Apartment Gardening: How to Grow Fruits, Herbs, and Vegetables Indoors
Some vegetables are surprisingly well-suited to being grown indoors. These are types of veggies that don’t require as much sun as others and don’t take up too much space. Here are some types of vegetables that are ideal candidates for apartment gardening.
Vegetables to Grow Indoors
Some tomatoes (such as Maskotka, Garden Pearl, and Tumbler) will do well hanging in baskets in front of a window indoors, assuming they get plenty of water
Green beans can also be planted indoors, because they grow as a vine, so a large container isn’t necessary. In fact, you can use a container as small as 8” in diameter (just plant one seed about an inch deep). If using a larger container, make sure to give at least 4” of space between each seed.
- When planting green beans indoors, try to plant mid-to-late spring to ensure your beans will get an adequate amount of sunlight. Green beans require at least 6 hours of sunlight and do best in temperature between 50-80°.
- Do not overwater—only water enough to keep the soil moist. Your container will need to have drainage holes, so make sure to use a drainage tray to avoid getting water on your floors.
- Green beans thrive when they are planted in good soil. You can make your soil with 2 parts garden soil, 1 part gardening sand, and 1 part aged compost.
Your green beans should be ready to harvest in about 60 days after planting.

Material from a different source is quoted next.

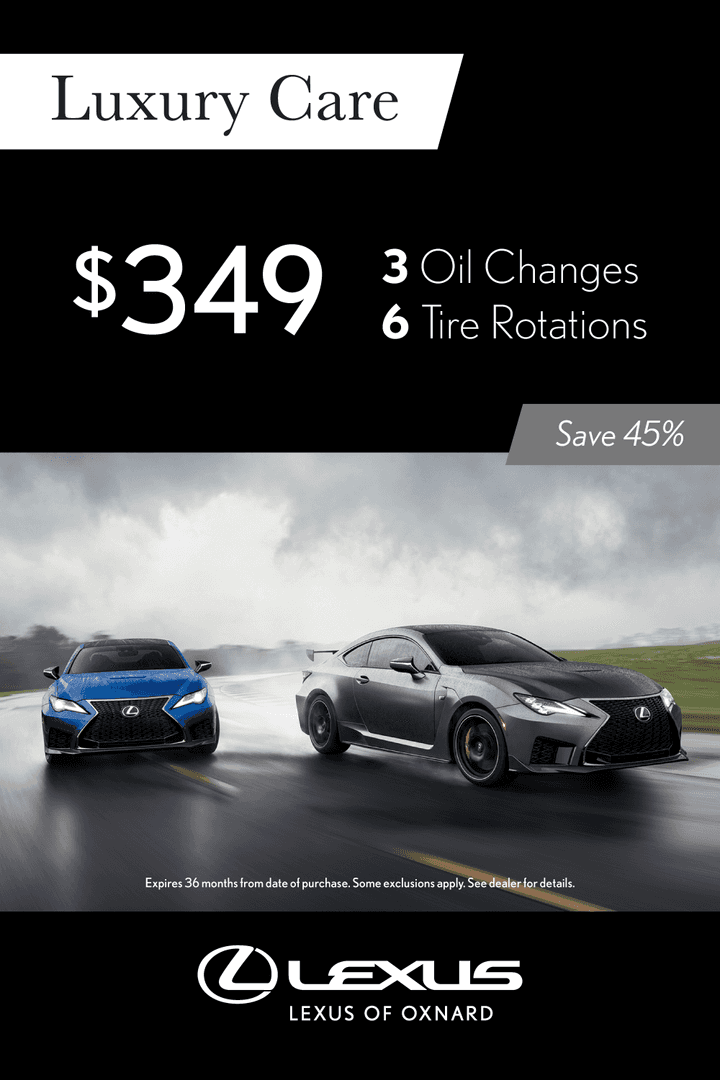 Luxury Care offer - $349 for 3 oil changes and 6 tire rotations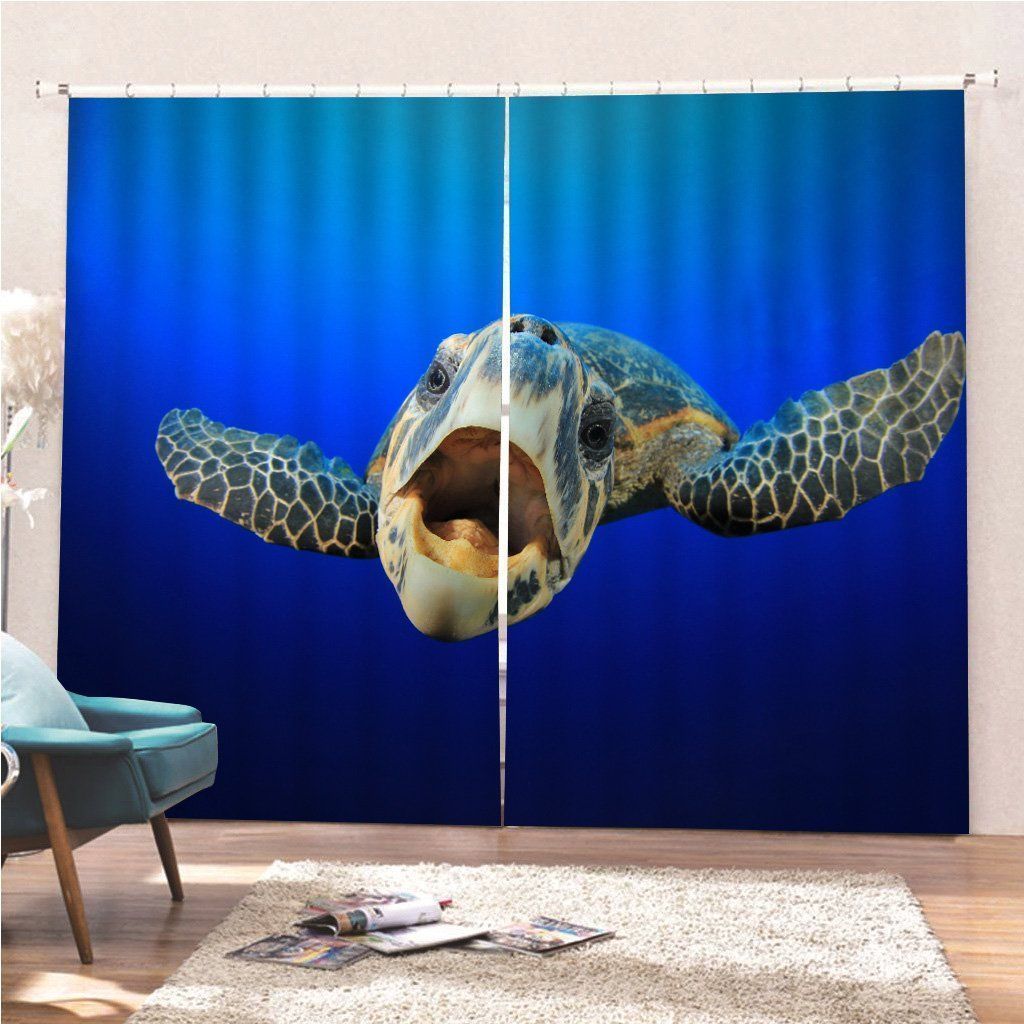 Curious Sea Turtle Comes Up To Say Hello Printed Window Curtain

Create a simple craft stick trellis to help hold your beans. You will need:
- Craft Sticks (4 or more: also called popsicle sticks and available at craft stores)
- Hot Glue Gun
- Paint of your color choice (optional)
Although you can create any type of shape you want for your trellis, for this example we will be making a simple grid.
Start by standing two sticks straight up in the dirt of your planter, side-by-side about 3-4 inches apart. Then glue another stick horizontally across the top of the two. Glue a fourth stick across the lower part. (You’ll end up with a capital letter H with an extra stick across the top.) If you need your trellis to be wider just make more squares—with this simple grid design you can make your trellis as large as you need it to be.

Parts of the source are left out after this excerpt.